Looks good! Lucky you're not getting paid by piece work.:laughing:


----------



## hubbard53 (Nov 7, 2007)

you made the vanity yourself? Impressive. . .


----------



## white29 (Sep 18, 2007)

Cogrtulations. Looks very nice,you should be proud.


----------



## ktkelly (Apr 7, 2007)

It took three years because *excellence* takes time....


Very nice indeed!


----------



## AtlanticWBConst. (May 12, 2006)

Excellent work!
:thumbsup:


----------



## ACobra289 (May 25, 2007)

Thanks for the kind words. The wife and I both wish it had been done a lot sooner. But due to indecision about what we wanted there and laziness on my part, I could never seem to get the vanity taken care off. I was laid off in July, so I had no more excuses about not having the time. lol 

The vanity was actually pretty simple to build.

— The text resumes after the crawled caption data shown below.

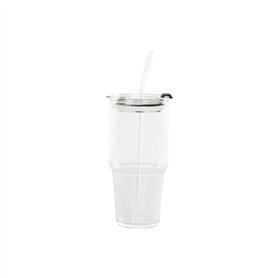 Tasse mug Home ESPRIT Transparent 550 ml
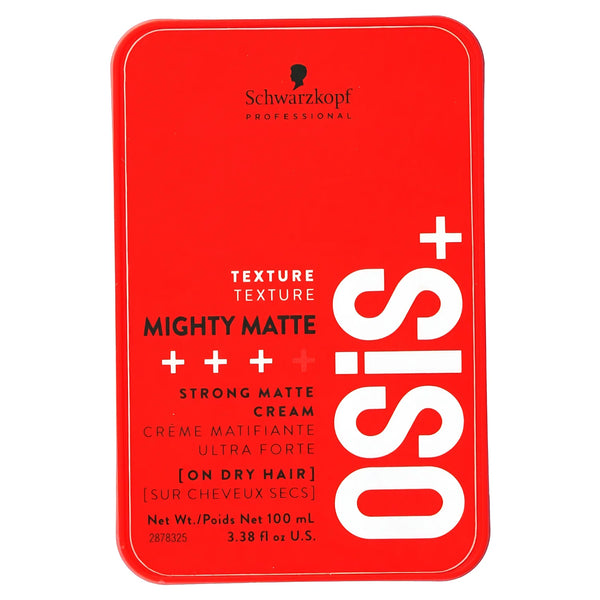 Schwarzkopf Osis Plus Texture Mighty Matte Cream 100ml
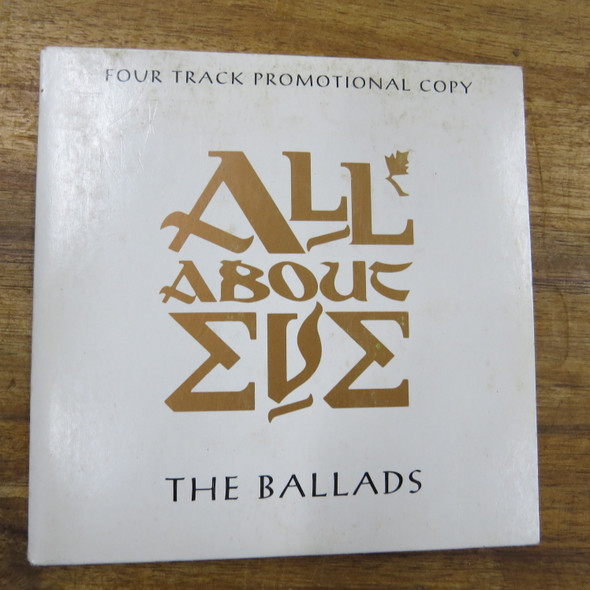 All About Eve-The Ballads-CD single-USED-SHLP_5469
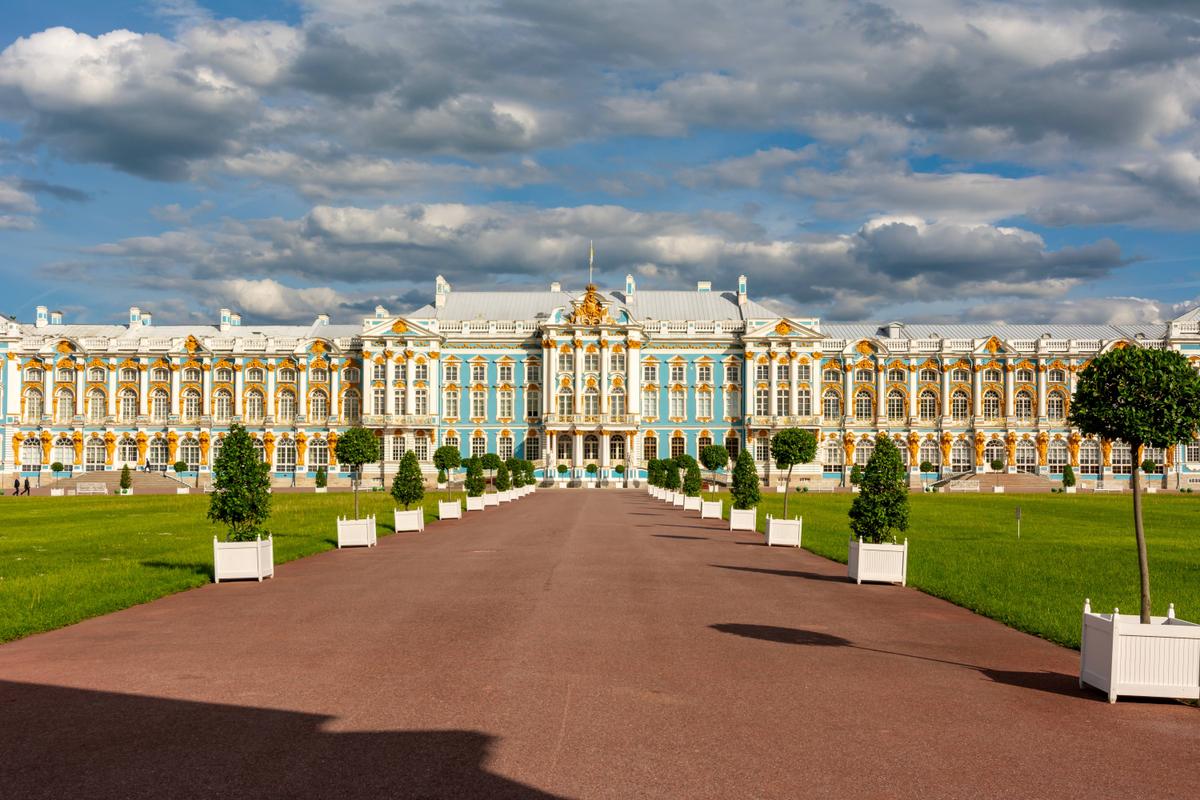 Catherine Palace: Russia’s Homage to Great Queens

I made 3 plywood boxes. Put them in place and screwed them together. Then I cut some 2 inch poplar to make the face frame and door frames. I used pocket screws to assemble those. Put a piece of luan on the back of the doors and put some molding on the front to make it look like recessed panels.


----------



## sandy (Nov 16, 2007)

Looks very professionally done. Good work. Now you need to improve your speed and you have a new profession...


----------



## tkristi (Nov 28, 2007)

looks really good wow


----------



## geffbarnet (Sep 27, 2011)

Wow this looks spot on mate.


----------